__Material supplied__

--

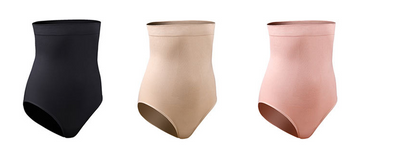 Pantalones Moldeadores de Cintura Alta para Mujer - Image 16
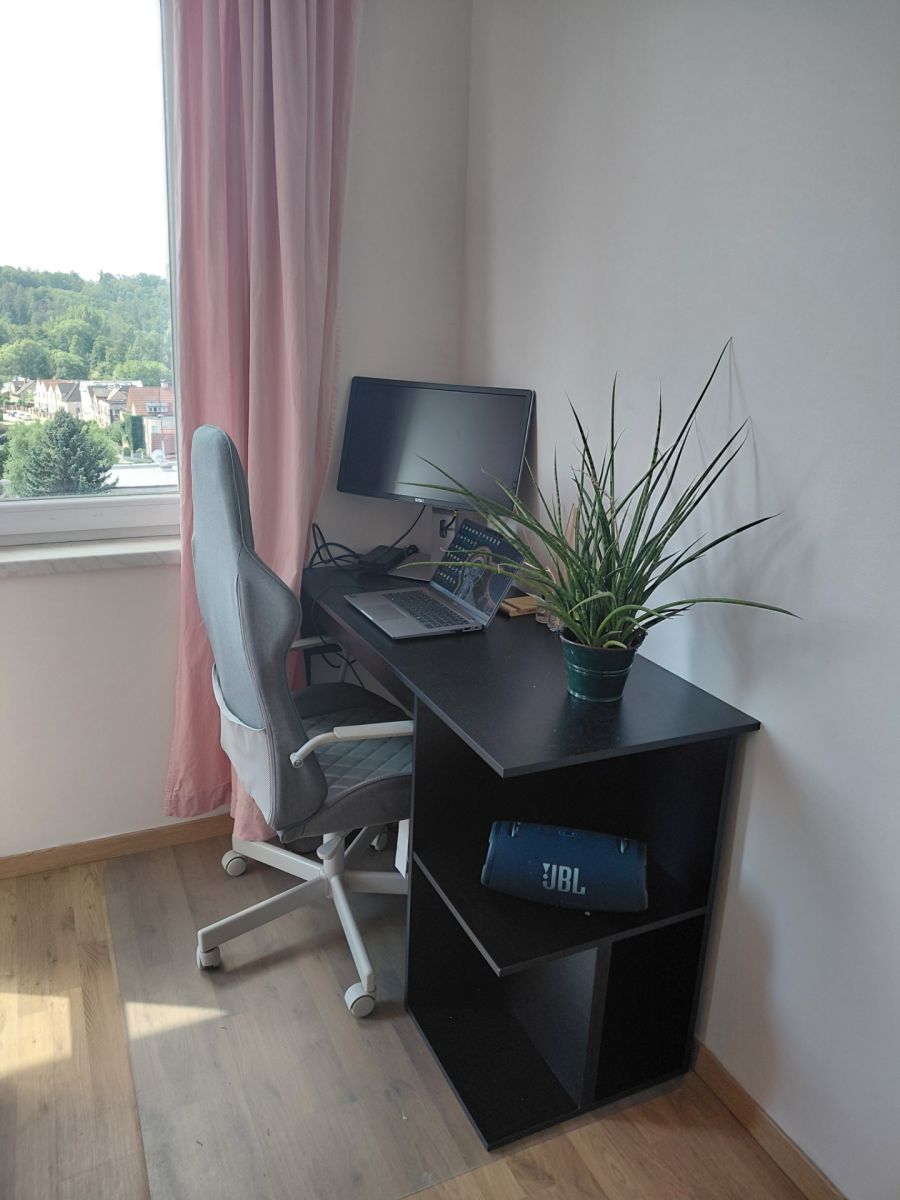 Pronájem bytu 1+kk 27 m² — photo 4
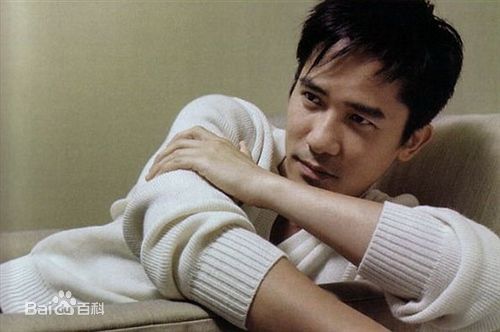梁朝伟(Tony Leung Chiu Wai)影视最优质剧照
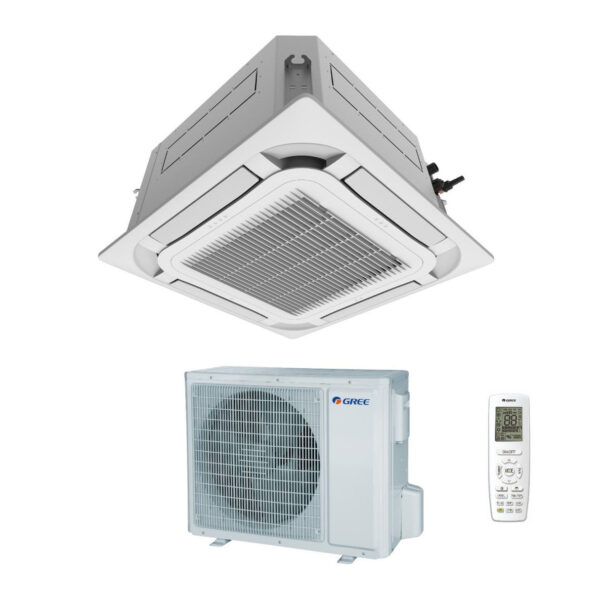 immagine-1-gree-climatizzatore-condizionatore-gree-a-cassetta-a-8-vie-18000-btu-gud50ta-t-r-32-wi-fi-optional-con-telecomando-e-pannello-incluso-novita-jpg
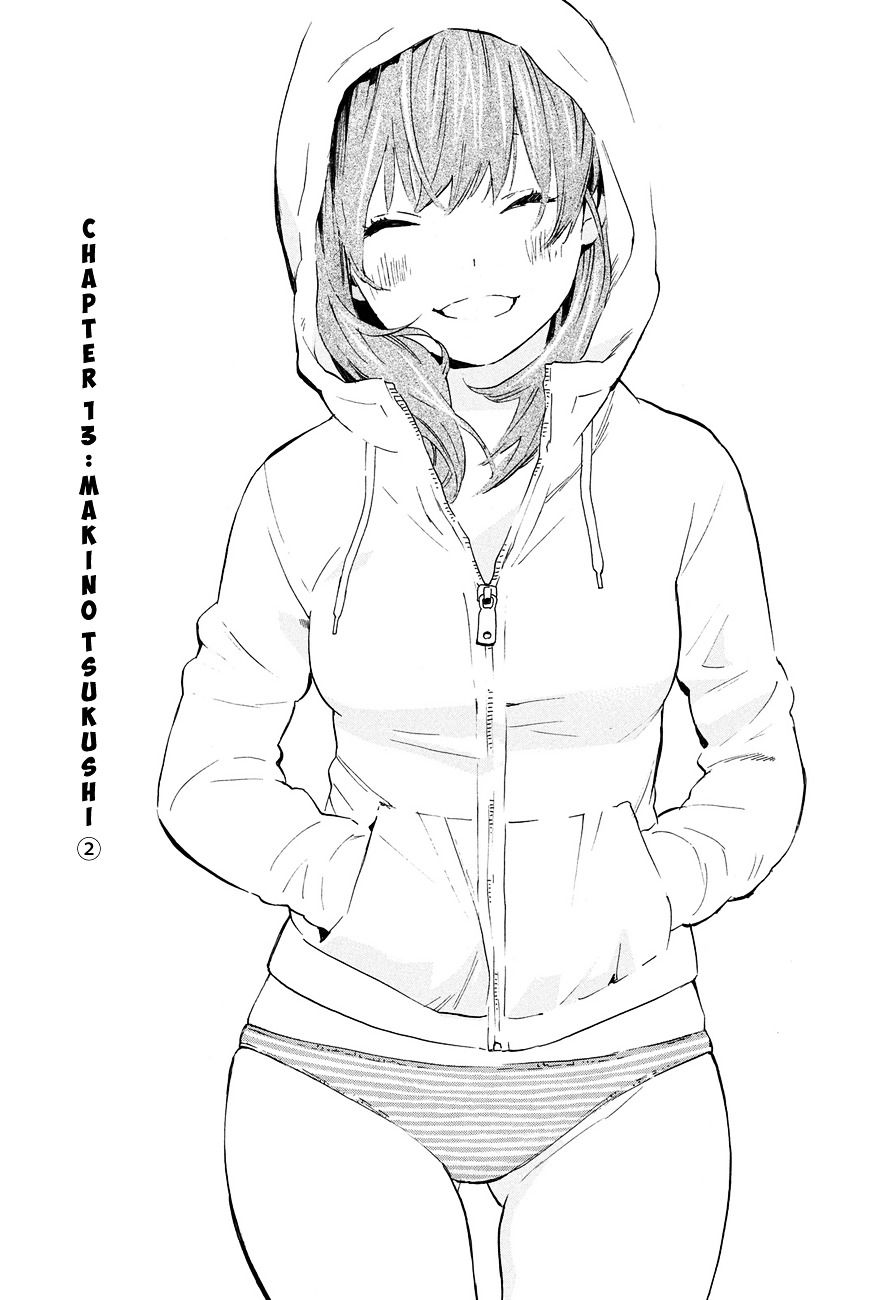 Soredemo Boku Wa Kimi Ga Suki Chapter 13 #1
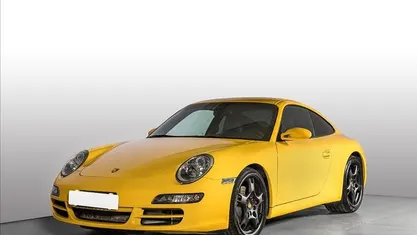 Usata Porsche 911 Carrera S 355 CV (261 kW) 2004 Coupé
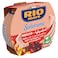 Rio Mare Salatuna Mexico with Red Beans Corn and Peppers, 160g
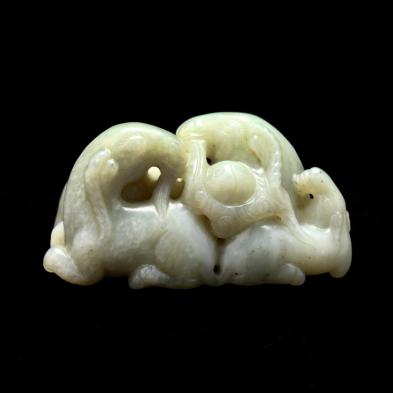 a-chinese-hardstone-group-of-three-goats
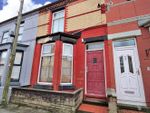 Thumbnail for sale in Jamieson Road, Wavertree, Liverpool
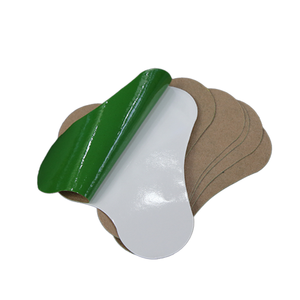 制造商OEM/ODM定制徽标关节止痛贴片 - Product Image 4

--

__Instructions for the task__
Skip all pictures. Copy exactly the lines from the one containing "Thumbnail for sale" through the end of the records, both ends included.

__Your response__
 Thumbnail for sale in Jamieson Road, Wavertree, Liverpool
 制造商OEM/ODM定制徽标关节止痛贴片 - Product Image 4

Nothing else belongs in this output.